Honestly, to some extent it continues two years later. Despite medication and therapy, it has been difficult for me to move past due to the severe trauma behaviours we are still dealing with in our home. I’ve found it difficult to access supports for our whole family. I feel thankful to have connected with a great trauma-informed counsellor.
What other parents want you to know
Every adoptive parent I spoke to for this article had the same message for other struggling parents: you are not alone, and this is not your fault. Here’s some other advice and encouragement they shared.
Ask for professional help as soon as possible. “Don’t be afraid of medication and there’s no shame in counselling,” says Meredith. “If you have experienced any sort of PTSD, depression, or anxiety, or have any past experiences of trauma, be prepared. Visit your therapist prior to placement and make appointments to see them a month or two after placement,” adds Isobel. “You need a safe place to deal with all of that inner turmoil, chaos, and upset without your child picking up on it.”
Cut back on responsibilities, simplify as much as possible, and get all the practical help you can find or afford. “Those first couple of months post placement, that is your Everest,” says Isobel. “There is no preparing for what is about to happen to your life. Those first couple months post placement are our labour and delivery.” Hire a house cleaner or babysitter, buy premade meals, etc. Reach out to friends and family and ask them to do some shopping or laundry, watch your child while you sleep, or just come and keep you company.
Seek out people who “get” you. “You may lose friends who will never understand, but you’ll gain a new support system,” says Carol. “My best friend was there for me on those days I felt I could not go on. She assured me I was a good mom because most of the time I was convinced I sucked. I also connected with other adoptive moms who had gone through the same thing.”

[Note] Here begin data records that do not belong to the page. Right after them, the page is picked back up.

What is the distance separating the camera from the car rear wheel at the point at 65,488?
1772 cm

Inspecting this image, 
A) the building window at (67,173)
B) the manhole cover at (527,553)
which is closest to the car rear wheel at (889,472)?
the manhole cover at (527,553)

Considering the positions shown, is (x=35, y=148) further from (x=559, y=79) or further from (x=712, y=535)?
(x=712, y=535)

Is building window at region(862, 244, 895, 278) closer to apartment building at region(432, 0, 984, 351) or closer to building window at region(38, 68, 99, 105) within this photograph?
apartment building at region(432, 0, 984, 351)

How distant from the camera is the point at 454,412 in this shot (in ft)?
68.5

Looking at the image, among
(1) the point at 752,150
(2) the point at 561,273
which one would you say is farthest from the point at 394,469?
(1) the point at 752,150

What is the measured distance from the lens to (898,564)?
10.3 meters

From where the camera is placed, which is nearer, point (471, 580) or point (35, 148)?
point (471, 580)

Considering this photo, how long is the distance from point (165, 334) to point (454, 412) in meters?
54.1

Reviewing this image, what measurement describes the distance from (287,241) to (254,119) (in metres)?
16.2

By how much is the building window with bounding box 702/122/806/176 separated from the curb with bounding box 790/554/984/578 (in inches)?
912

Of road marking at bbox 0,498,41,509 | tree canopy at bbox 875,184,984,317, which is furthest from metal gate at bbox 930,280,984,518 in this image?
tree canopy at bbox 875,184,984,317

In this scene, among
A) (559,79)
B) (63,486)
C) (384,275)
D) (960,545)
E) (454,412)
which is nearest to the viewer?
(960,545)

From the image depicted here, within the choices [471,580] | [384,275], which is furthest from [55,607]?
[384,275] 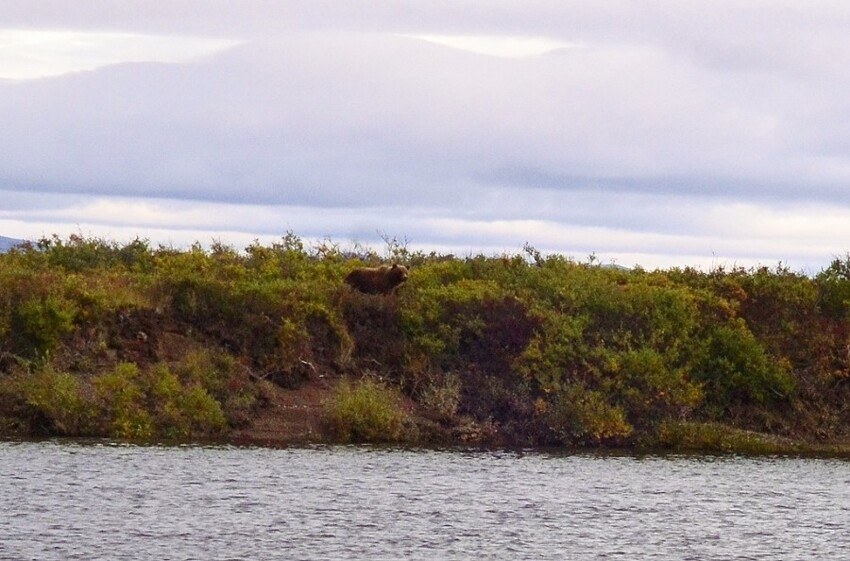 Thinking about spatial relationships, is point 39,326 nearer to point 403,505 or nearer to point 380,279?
point 380,279

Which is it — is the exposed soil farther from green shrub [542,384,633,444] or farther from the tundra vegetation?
green shrub [542,384,633,444]

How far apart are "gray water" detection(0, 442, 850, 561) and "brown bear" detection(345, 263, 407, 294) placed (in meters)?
7.29

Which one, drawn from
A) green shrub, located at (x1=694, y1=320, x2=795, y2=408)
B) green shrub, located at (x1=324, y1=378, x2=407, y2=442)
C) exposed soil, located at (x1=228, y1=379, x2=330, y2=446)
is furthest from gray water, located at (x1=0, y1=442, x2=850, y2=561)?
green shrub, located at (x1=694, y1=320, x2=795, y2=408)

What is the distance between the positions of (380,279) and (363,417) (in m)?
5.86

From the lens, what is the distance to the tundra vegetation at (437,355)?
3456 cm

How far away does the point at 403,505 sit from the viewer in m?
25.5

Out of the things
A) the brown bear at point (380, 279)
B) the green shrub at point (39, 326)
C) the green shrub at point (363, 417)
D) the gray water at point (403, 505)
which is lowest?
the gray water at point (403, 505)

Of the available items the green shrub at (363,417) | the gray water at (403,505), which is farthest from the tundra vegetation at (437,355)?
the gray water at (403,505)

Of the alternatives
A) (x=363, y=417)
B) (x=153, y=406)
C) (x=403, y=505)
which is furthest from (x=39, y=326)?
(x=403, y=505)

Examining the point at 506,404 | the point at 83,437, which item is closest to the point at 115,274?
the point at 83,437

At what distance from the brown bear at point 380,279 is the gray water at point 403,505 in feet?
23.9

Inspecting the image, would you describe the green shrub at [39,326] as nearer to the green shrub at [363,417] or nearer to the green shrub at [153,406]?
the green shrub at [153,406]

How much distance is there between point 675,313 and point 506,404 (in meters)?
4.92

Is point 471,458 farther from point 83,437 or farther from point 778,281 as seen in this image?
point 778,281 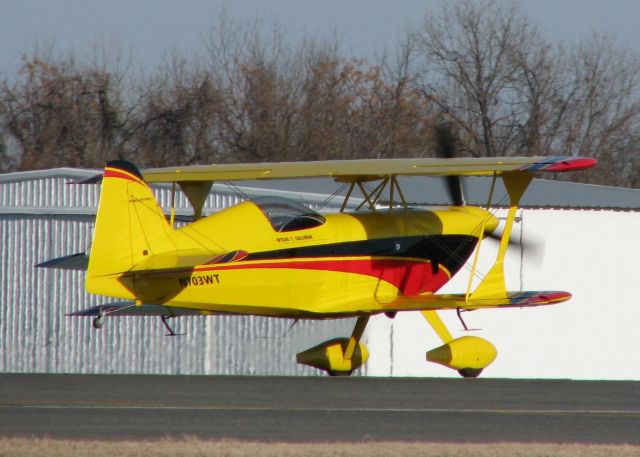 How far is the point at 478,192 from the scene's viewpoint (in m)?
24.1

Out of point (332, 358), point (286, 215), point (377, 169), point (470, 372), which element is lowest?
point (470, 372)

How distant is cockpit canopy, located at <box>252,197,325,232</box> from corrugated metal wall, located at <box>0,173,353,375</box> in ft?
19.7

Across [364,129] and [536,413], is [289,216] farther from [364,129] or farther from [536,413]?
[364,129]

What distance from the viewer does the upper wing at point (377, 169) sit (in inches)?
655

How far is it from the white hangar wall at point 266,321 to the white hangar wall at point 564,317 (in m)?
0.02

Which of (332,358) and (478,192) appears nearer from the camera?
(332,358)

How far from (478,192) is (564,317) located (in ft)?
10.1

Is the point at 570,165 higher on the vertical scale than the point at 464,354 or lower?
higher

Prioritize self-care as soon as possible. “You will want to strangle anyone who mentions self-care [at first] because you probably will not get around to it in the first month or two,” says Isobel. “But when the dust starts to settle and you feel like you can finally come up for air, then load on the self-care. Take breaks, go for walks, meditate, take five minutes to breathe alone. Do anything to feel like yourself again.”
Know that along with the hard times there will be moments of pure joy and exhilaration. “In the end, if you persevere, you will see it is worth it,” says Carol. “That your child is worth every bit of heartache you experience.”